感染症が収束しない中でオリンピック・パラリンピックを開催するのはよろしくないという意見もいまだに根強くあるようだ。
法律の専門家までもが主張し始めるとなると、何かが違うような気がしなくもない。開催の可否は法律で裁かれるべきものなのだろうか。
もし、感染症ではなく、大規模洪水や大規模地震が発生したのなら、やはりオリンピックは開催しない方がよいのだろうか。開催できるのなら、開催するというので、よいのではないだろうか。
開催に向けて尽力されてきた人々や、開催に向けて練習に励んできた選手たちの努力にも、報いてあげるべきではないだろうか。
オリンピックはダメで、世界大会や世界選手権ならよい、のだろうか。なぜオリンピックだけがヤリ玉にあがるのか、理解しずらい。
オリンピックを開催するのはよくないという意見の根拠がよくわからない。
おなじように、入学者選抜のある公立高校や公立中学で、男女別定員があるのがよくないという意見の根拠も、説得力が十分でないと思う。
そもそも、東京都の公立高校、つまり都立高校の定員は、その春に中学校を卒業する人たちの人数に配慮して決定されるようになっている。
つまり、男子定員と女子定員は、それぞれ公立中学を卒業する人数によって決められ、それぞれの学校に配分されることになっているのだ。
都立高校の総定員が、そのように決められているのも、よくないことなのだろうか。
卒業生の男女別人数などおかまいなしに定員を設けたり、合格者を出していたら、都立高校に進める人数が、男子と女子で大きく差が開き、それこそ、性別による不公平が生じてしまう。
こちらのジェンダー問題には、どのような意見を示すのだろうか。
現在の男女別定員は、そうした男女別の不公平を回避するために設けられているということも、知っておくべきだろう。
もし、男女別定員を撤廃したら、どうなるだろうか。
男子校みたいな共学校、女子校みたいな共学校が、無数に発生してしまう可能性がある。
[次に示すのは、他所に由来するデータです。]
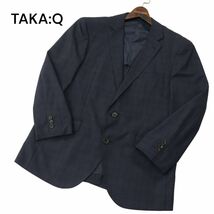 美品★ TAKA:Q タカキュー 通年 背抜き チェック テーラード ジャケット ブレザー Sz.AB6　メンズ ネイビー ビジカジ　A4T01572_2#O_画像1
もちろん蓋を開けて見なければ、どの程度は発生するかはわからないが、過去の志願状況からは、かなりの学校数になるだろうことは予想される。
男女別学の私立高校を目指しているならよいが、共学の都立高校への入学を希望しながら、蓋を開けてみたら、実質男子校や実質女子校に進学することになっても、なんら気にならないのだろうか。
そもそも、共学教育を行うこと前提にした学校でありながら、入学者のほとんどが男子だったり女子だったりするのは、学校運営上、あるいは教育上の観点から、許容できることなのだろうか。
本来は共学校でありながら、男子が極端に少ない共学校、女子が極端に少ない共学校に、受験生が魅力を感じるのかどうかも含め、男女定員の撤廃の議論は進めるべきだろう。
男女で入学難易度が違うことも、実は事前にわかっていることなので、それをふまえて受験校を選ぶというのでは、どうしても納得いかないのだろうか。
実は私立学校へも助成金が支給される他、生徒の保護者が支払う私立高校の授業料の無償化資金も公費から支給される。
私立学校の受入キャパシティも考慮して、地域の高校全体の受入定員を定めないと、公費が適切かつ効率的に配分されないリスクもある。
何事も、誰もが完全に納得がいく制度など、実現することは難しい。
どこに、適切な妥協点を見出すか、議論し尽くすしかないのだと思う。
あまり極端な政策に走り、その結果として、さらに多くの人が苦しむことになり、後で後悔することにならないことを、望む。